- [The problem]: Give back exactly the lines of the entries below from the line with "3 Bed 1 Bath" to the line with "40-Zoll-Flachbildfernseher mit Satellitenempfang, Fernseher", inclusive, and only those.

- [Recorded data]:
+ + +

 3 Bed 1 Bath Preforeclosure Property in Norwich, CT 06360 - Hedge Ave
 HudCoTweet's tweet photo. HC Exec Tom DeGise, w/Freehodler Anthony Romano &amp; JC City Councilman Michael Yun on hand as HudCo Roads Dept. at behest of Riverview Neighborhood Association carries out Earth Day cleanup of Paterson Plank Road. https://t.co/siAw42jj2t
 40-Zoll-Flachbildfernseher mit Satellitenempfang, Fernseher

+ + +

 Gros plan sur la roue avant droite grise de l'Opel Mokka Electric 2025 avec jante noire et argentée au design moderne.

+ + +

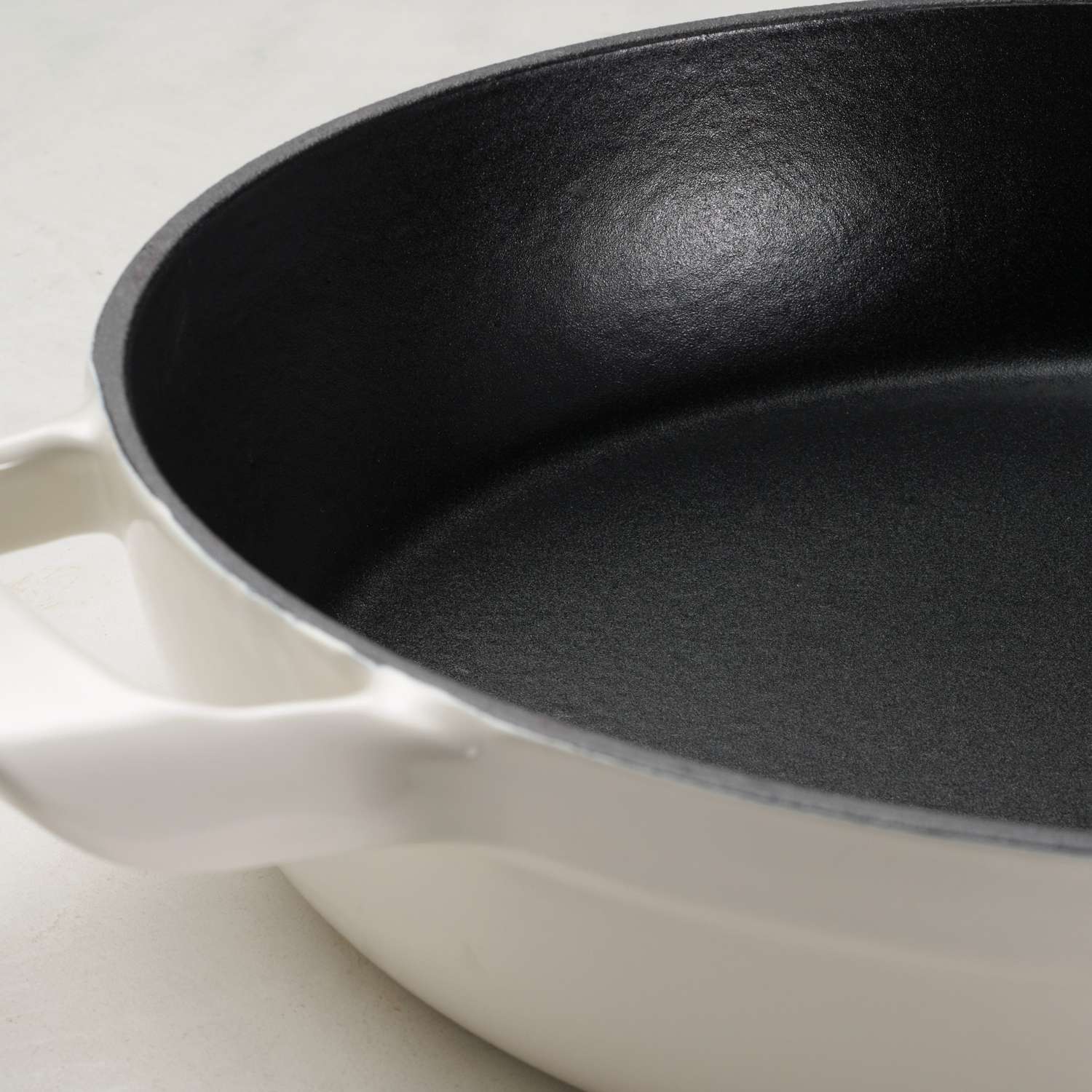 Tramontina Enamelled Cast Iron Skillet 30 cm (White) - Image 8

+ + +

- [Task solution]:
 3 Bed 1 Bath Preforeclosure Property in Norwich, CT 06360 - Hedge Ave
 HudCoTweet's tweet photo. HC Exec Tom DeGise, w/Freehodler Anthony Romano &amp; JC City Councilman Michael Yun on hand as HudCo Roads Dept. at behest of Riverview Neighborhood Association carries out Earth Day cleanup of Paterson Plank Road. https://t.co/siAw42jj2t
 40-Zoll-Flachbildfernseher mit Satellitenempfang, Fernseher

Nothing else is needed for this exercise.